### Exercise data
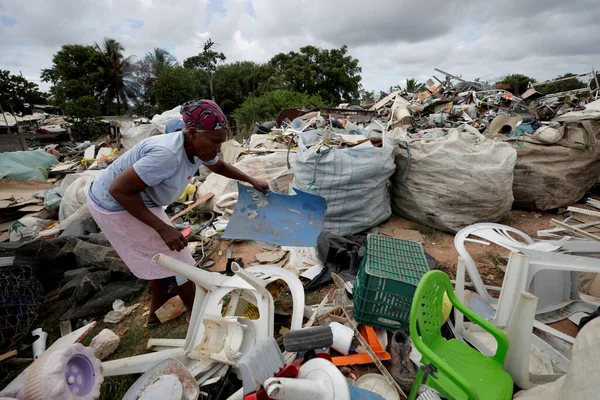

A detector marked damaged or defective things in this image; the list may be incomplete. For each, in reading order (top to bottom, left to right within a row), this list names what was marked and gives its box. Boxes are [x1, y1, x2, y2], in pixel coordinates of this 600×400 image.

broken furniture [102, 253, 304, 378]
broken furniture [410, 268, 512, 400]
broken furniture [454, 223, 600, 324]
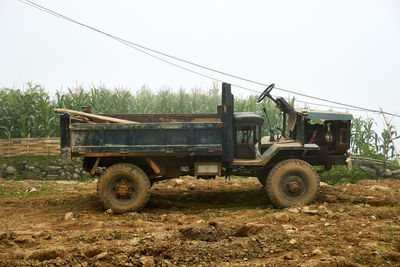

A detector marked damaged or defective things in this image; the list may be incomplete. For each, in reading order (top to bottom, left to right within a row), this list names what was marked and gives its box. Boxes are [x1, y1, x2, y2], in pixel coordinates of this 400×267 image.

rusty dump truck [57, 84, 352, 214]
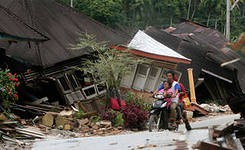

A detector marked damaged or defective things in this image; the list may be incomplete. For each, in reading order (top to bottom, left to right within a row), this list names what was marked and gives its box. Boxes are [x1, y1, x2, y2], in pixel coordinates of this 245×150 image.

damaged wooden house [0, 0, 129, 108]
damaged wooden house [144, 20, 245, 108]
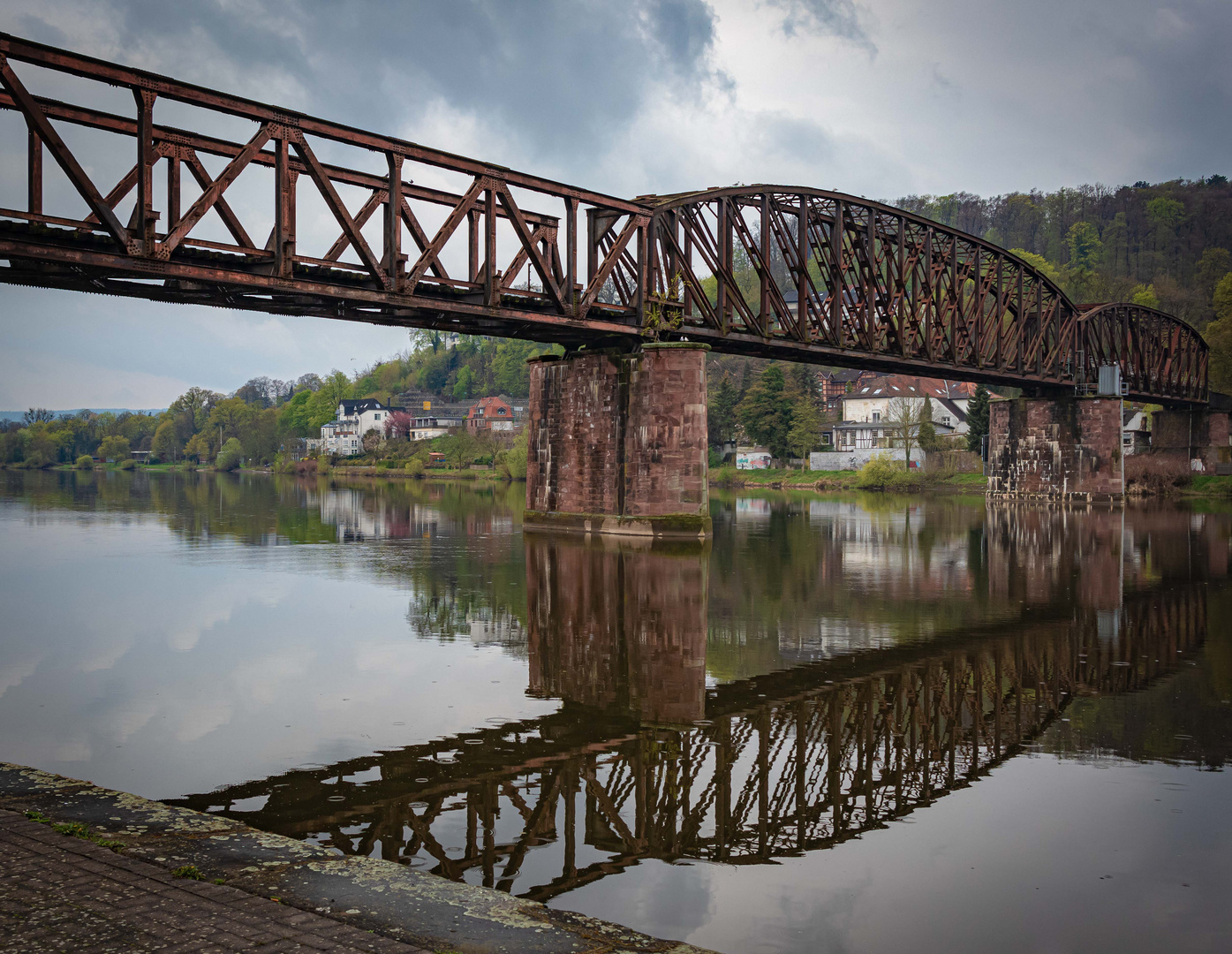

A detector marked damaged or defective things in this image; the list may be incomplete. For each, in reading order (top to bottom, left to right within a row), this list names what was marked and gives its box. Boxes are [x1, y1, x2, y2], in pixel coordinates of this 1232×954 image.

rusty iron truss bridge [0, 34, 1208, 405]
rusty iron truss bridge [175, 583, 1208, 901]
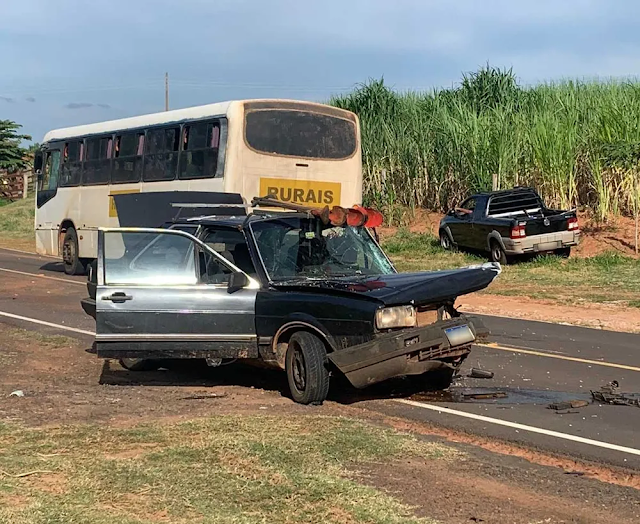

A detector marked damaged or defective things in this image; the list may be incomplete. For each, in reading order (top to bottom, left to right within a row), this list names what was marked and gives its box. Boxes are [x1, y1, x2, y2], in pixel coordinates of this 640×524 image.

shattered windshield [250, 215, 396, 280]
wrecked car [80, 192, 500, 406]
car's crumpled hood [270, 262, 500, 308]
damaged front bumper [328, 316, 488, 388]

### Work item
Your copy should match the material above exactly, minus its pictures.

### Written solution
A detector marked damaged or defective things in this image; the list may be incomplete. For each, in reading order (top to bottom, left to right within a row), this list names what was marked and gives its box. Boxes are [x1, y1, x2, y2], in pixel coordinates of this 600×400 image.

broken furniture [102, 253, 304, 378]
broken furniture [410, 268, 512, 400]
broken furniture [454, 223, 600, 324]

A detector marked damaged or defective things in this image; the list may be incomplete. For each, in reading order (top to bottom, left to right within a row), this list names what was marked and gives its box. Boxes are [x1, y1, x2, y2], in pixel coordinates of this 400×267 image.

rusty dump truck [57, 84, 352, 214]

A detector marked damaged or defective things in this image; the list may be incomplete. For each, in reading order (top to bottom, left to right within a row), this list names what was marked and gives its box. Boxes are [x1, y1, x2, y2], in pixel coordinates of this 245×150 image.

damaged wooden house [0, 0, 129, 108]
damaged wooden house [144, 20, 245, 108]

A detector marked damaged or defective things in this image; the list may be incomplete. For each, in reading order (top to bottom, left to right within a row), this list names what was marked and gives its box. Boxes are [x1, y1, x2, y2], in pixel coordinates of this 1232×954 image.

rusty iron truss bridge [0, 34, 1208, 405]
rusty iron truss bridge [175, 583, 1208, 901]

A detector marked damaged or defective things in this image; the list may be incomplete. For each, in reading order (top to bottom, left to right within a row), this list names what was marked and gives its box. Boxes are [x1, y1, x2, y2], in pixel coordinates of this 640×524 image.

shattered windshield [250, 215, 396, 280]
wrecked car [80, 192, 500, 406]
car's crumpled hood [270, 262, 500, 308]
damaged front bumper [328, 316, 488, 388]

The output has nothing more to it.